Is er een verschil Democratische en Republikeinse presidenten?

Kennard: Mensen denken vaak dat Republikeinen oorlogszuchtiger zijn, maar Democraten beginnen net zo vaak oorlogen. Het verschil zit ‘m in de aanpak. Democraten denken veel meer na over wat er na de oorlog moet gebeuren. De Democraat Bill Clinton schrok er in de jaren negentig niet voor terug om zich te mengen in de oorlog in Joegolavië, maar hij maakte zich wel zorgen over hoe hij de rotzooi achteraf moest opruimen. Een Republikein als George W. Bush viel Irak binnen, won de oorlog maar had geen idee hoe het daarna verder moest.

Bill Clinton.
Bill Clinton.© ImageGlobe

Het lijkt bijna alsof presidenten graag oorlog voeren.

Kennard: De Amerikaanse president is de machtigste man ter wereld, maar alleen in het buitenland. In binnenlandse kwesties is zijn macht veel beperkter. Als het Hooggerechtshof tegen Trump zegt dat hij zich keurig moet gedragen, moet Trump luisteren. En ondanks al zijn opschepperij, is Trump gebonden aan de beslissingen van het Congres, zoals het debacle met de ziekteverzekering aantoont. Maar in het buitenlandbeleid heeft een president veel meer speelruimte. Hij kan veel vrijer beslissingen nemen en moet alleen na verloop van tijd rapporteren aan het Congres. Het is ironisch voor een land dat draait rond vrijheid, maar presidenten kunnen hun reputatie vooral door oorlogen vestigen.

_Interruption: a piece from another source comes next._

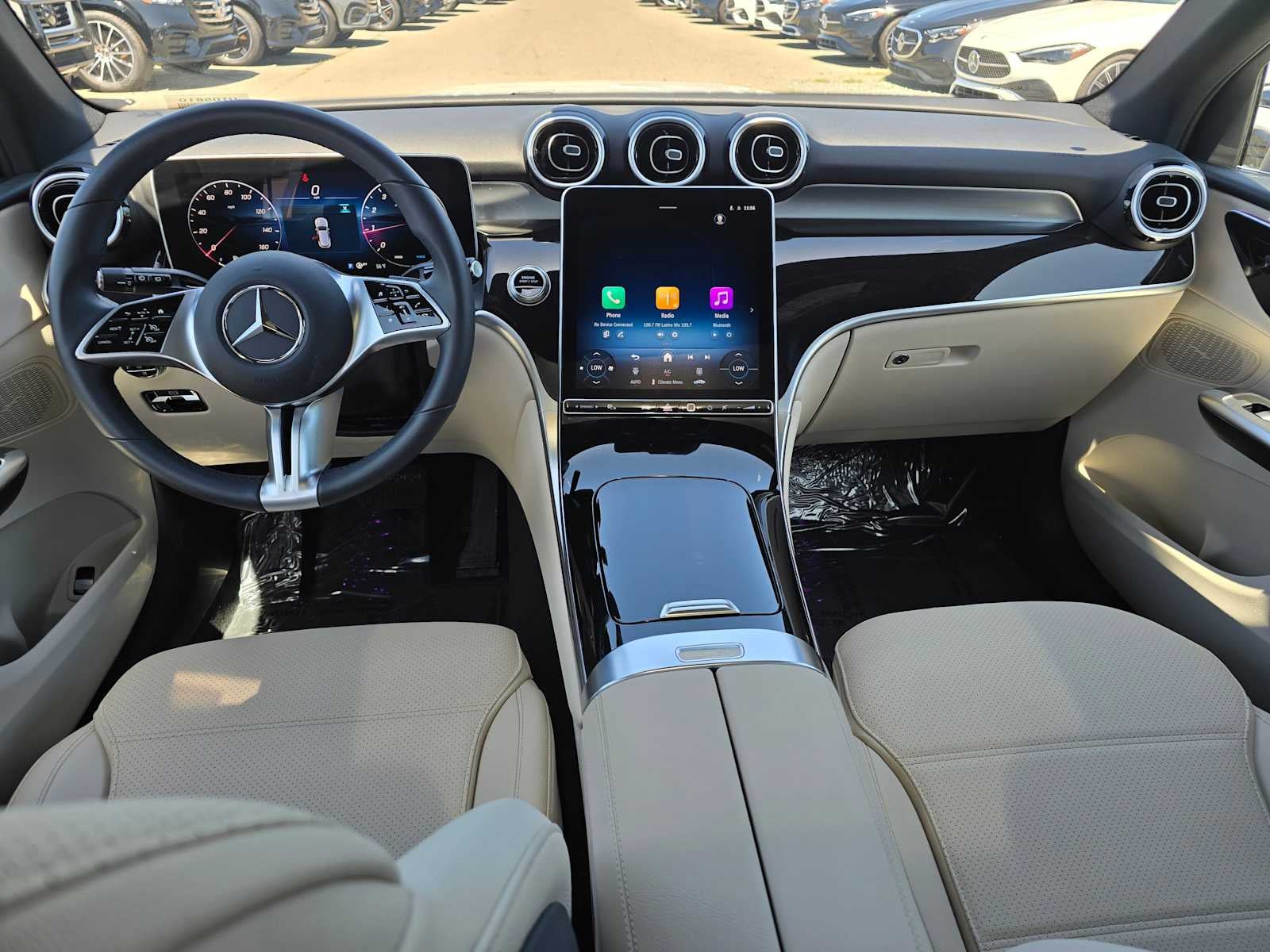 2026 Mercedes-Benz GLC 300 4MATIC® SUV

Zal Trump werkelijk zo’n grote impact op het buitenlandbeleid hebben? Een analist zie ooit dat zelfs Osama Bin Laden president kon worden van de VS en dat er dan weinig zou veranderen: het buitenlandbeleid is zo’n logge machine met eigen belangen dat één persoon daar nauwelijks wat aan kan veranderen.

Kennard: Trump zal, zoals veel presidenten die hun stempel wilden drukken op het buitenlandbeleid, botsen met het ministerie van Buitenlandse Zaken. Dat is de afgelopen anderhalve eeuw immers steeds machtiger geworden en het heeft zijn eigen doelstelligen.

Toen Trump president werd, besefte hij al snel dat er spanningen zouden ontstaan. Trump bekijkt de wereld als een zakenman die deals wil sluiten. Veel functionarissen bij het ministerie lachten hem daarom uit.’ Wat weet die man nu van het buitenlands beleid?’ vroegen ze zich af. En terecht, want Trump begrijpt niets van diplomatie of de belangrijke wereldproblemen. Maar ondertussen is het lachen die mensen wel vergaan.

Is Trump de strijd tegen het ministerie aan het winnen?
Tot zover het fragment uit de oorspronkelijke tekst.